In April we got a preview of the Inter Protocol live on Devnet. We were able to shuffle through two primary efforts, making sure the contracts are complete to the extent we want them to be for the preview and then deployed. These contracts are deployed on-chain, and we’ve run through the governance action that needs to happen as part of the mainnet-1 launch.
The launch will involve several elements:
We must make sure we can launch the vault system for Inter Protocol and then enable oracles.
We must make sure all connections are accurate.
We must make sure that the economic committee which can make decisions to change interest rates gets elected in the right way.
A major update was done to the liquidation mechanisms for vault, making the latest mechanism a lot smarter relative to market conditions. We also worked through an initial version of the UI for what was formerly known as Run-Stake and it will be renamed because the new token symbol is IST. We are working with an external design firm to build out a better UX and design for our production application that started in April.
Security Updates
We maintain an agoric.com/security webpage. It covers such material as our bug bounty program on H1, and the coordinated vulnerability disclosure policy (what to expect if you report a bug). Coming soon are five additional security reports (Zoe + ERTP, XS, Swingset, Restival, Zestival), and security documentation (threat models, known issues, advisories).
We completed the third-party vulnerability assessment of Swingset, with a strong vote of confidence in the architecture of the kernel. Inter Protocol audit is up next.
We finally got our Fuzzilli environment up and running. That’s Google Project Zero’s automated testing tool. The Moddable team have been amazing partners in fine-tuning Fuzzilli to support our efforts to strengthen XS memory safety. If you’re a bug hunter, take a look at XS.
Updated on our Econ Stress Test, a “Platinum Team” effort to examine economic resilience with academics and subject matter experts. We developed a Kubernetes-powered loadgen tool to simulate real-world interactions with the Inter Protocol and AMM. We’ll put it to use with intelligent agents we have used in econ modeling in a devnet environment. If you’re building monitoring/network viz tools, tune in on devnet in a few weeks!

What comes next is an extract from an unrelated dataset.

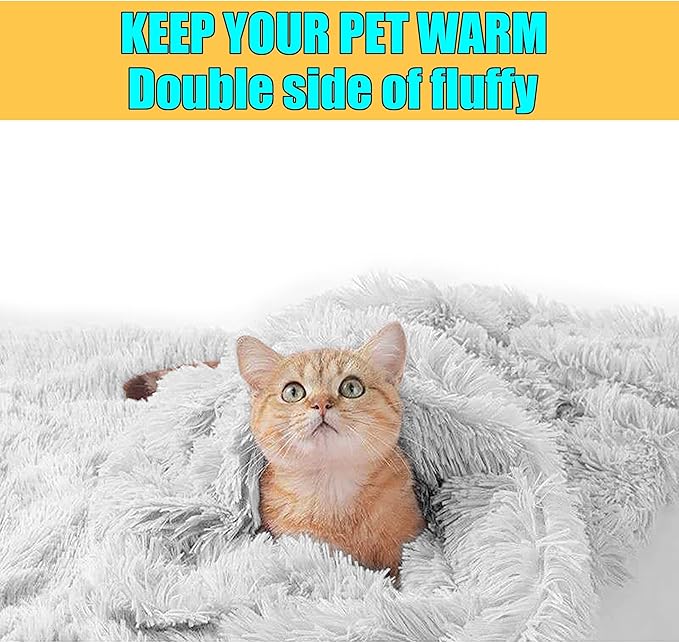 Pet Dog Bed Blankets, Fluffy Fleece Dog Throw Blankets Sleep Mat,Soft Puppy Blankets Cat Kitten, S M L XL,Fuzzy Reversible Sherpa Blanket for Bed, Couch, Sofa, Travel,Washable & Lightweight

Regarding validator security, in advance of MN-1, we will need a process for emergency security coordination. We’re drafting recommendations in the form of a runbook based on experience of coordinating with validators. The first stage will be Cosmos sec vulnerability. We would love to connect with validators to figure out how we get this right – everyone is part of our security team. Join in on the validator channels in Discord.
Community Updates
There are Telegram channels for Russian, Turkish, Hindi, English (Singapore), Vietnamese, French, Chinese, Hindi & Spanish. If you’re looking to run a language-specific Telegram, let us know on Telegram or Discord.
BLD Distribution / Public Sale
CoinList purchasers that did not submit addresses in time should keep an eye out for notice from CoinList to get into their second round of distribution.